La pianificazione continuativa consiste nel garantire una presenza continuativa del prodotto pubblicizzato nel tempo (lungo tutto l’arco del periodo di stagionalità), a un livello di pressione relativamente contenuto. Una pianificazione di questo tipo può essere la soluzione migliore per quei prodotti con elevato tasso di riacquisto (i beni di largo consumo) che, devono proprio puntare sulla frequenza per mantenere la loro awareness sostanzialmente stabile nel tempo. Quando la stagionalità è trascurabile, più in generale, la pianificazione della pubblicità è continuativa nel corso di tutto l’anno, sempre che il budget lo consenta.

La pianificazione continuativa si fonda sul presupposto che in ogni settimana dell’anno esistono consumatori che, avendo esaurito il prodotto, si trovano nella necessità di ripeterne l’acquisto. Questa tecnica è nota anche con il nome di media recency, che ne sottolinea il proposito di intercettare temporalmente queste opportunità.

Il modello Burst, all’opposto, prevede la concentrazione della pressione pubblicitaria in un arco temporale molto ristretto: alti livelli di pressione pubblicitaria giornaliera/settimanale distribuiti su un numero ridotto di settimane di attività. Pianificazioni più concentrate nel tempo sono preferibili in presenza di mercati fortemente concentrati nelle quote di mercato o caratterizzati da un’elevata stagionalità delle vendite.

Flighting, cioè alternarsi di blocchi di spot (flight) a periodi di assenza dell’attività comunicativa.

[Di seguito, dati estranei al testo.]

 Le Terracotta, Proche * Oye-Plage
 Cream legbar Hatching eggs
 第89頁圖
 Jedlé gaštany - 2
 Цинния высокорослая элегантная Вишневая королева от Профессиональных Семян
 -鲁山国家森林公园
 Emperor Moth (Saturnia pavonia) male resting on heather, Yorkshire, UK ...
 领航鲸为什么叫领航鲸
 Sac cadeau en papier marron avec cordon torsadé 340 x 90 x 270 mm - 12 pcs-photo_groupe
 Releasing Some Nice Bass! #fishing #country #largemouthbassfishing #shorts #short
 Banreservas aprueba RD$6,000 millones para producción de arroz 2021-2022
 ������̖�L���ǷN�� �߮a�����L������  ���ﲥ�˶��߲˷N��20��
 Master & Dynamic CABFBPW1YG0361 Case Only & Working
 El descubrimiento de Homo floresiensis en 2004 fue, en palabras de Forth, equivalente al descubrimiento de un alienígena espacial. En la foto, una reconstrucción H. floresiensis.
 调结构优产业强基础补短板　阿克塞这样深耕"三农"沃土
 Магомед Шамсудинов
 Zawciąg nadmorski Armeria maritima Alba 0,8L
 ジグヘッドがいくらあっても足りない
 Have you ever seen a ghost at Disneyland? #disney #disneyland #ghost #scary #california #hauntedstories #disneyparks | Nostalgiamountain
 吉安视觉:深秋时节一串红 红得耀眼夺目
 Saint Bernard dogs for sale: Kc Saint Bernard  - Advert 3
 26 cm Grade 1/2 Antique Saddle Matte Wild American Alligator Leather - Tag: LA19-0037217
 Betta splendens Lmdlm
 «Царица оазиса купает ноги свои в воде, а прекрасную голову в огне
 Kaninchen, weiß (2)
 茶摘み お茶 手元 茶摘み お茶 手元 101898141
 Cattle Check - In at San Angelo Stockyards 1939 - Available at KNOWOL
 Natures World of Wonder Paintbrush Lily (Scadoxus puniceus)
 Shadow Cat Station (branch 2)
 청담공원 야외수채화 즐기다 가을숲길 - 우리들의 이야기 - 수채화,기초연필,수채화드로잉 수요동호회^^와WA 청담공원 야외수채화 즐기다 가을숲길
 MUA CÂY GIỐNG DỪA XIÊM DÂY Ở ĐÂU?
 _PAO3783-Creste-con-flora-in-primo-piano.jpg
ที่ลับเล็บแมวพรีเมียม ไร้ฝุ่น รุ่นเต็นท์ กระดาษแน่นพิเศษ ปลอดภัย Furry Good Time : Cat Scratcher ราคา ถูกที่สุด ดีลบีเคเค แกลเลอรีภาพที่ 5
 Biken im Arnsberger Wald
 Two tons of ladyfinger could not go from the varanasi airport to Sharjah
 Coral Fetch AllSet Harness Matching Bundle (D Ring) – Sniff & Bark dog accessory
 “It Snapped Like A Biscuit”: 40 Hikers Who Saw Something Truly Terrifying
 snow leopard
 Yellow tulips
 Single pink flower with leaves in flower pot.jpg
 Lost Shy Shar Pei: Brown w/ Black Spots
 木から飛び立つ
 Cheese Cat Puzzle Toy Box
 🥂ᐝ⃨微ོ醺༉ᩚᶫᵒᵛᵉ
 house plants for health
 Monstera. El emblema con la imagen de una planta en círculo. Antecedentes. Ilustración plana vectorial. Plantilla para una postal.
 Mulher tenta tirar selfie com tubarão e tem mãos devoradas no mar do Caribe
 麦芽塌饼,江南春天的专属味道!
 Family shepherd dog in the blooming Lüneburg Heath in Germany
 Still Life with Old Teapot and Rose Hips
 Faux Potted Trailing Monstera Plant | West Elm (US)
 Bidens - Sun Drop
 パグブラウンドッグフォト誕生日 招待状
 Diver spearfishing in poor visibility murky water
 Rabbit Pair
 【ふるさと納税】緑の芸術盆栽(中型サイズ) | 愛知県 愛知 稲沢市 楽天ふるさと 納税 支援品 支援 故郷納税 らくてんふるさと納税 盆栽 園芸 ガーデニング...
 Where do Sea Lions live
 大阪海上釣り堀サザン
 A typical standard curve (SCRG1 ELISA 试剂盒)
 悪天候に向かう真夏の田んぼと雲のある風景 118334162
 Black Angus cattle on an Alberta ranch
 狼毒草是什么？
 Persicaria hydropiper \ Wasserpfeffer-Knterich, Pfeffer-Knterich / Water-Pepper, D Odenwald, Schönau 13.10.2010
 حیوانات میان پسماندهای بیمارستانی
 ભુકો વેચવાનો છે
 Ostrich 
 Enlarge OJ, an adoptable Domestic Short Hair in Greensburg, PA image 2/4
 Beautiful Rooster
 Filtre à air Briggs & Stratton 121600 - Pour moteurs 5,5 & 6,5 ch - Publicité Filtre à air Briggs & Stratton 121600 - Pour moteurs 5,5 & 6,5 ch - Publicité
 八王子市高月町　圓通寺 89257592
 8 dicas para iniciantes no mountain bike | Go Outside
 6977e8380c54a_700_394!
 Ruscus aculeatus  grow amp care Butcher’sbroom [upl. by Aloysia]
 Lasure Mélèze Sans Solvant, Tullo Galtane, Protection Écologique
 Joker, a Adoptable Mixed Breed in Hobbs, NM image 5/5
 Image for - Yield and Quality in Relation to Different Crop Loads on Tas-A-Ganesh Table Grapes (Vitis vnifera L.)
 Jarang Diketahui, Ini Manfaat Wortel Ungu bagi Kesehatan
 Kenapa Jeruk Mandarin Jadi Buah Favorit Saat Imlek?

Comunicare per flight significa concentrare la pressione pubblicitaria solo in certi periodi di campagna, che vengono alternati a periodi di assenza dell’attività comunicativa (hiatus). Quest’ultimi, in genere, hanno una durata tale da minimizzare la decrescita del ricordo spontaneo della pubblicità nel periodo di inattività che intercorre tra un flight e il successivo (interonda minima). Le campagne articolate su più flight nel corso dell’anno, pertanto, consentono di massimizzare i livelli di ricordo e favorire un rapido spostamento delle preferenze d’acquisto.

Fonti:

– Strategia in pubblicità. Dall’intelligenza, la magia di Marco Lombardi e Mindshare, edito da FrancoAngeli nel 2017;

– Come misurare il ritorno della pubblicità di Vittorio Bonori e Giorgio Tassinari, pubblicato da Il Sole 24 Ore nel 2011.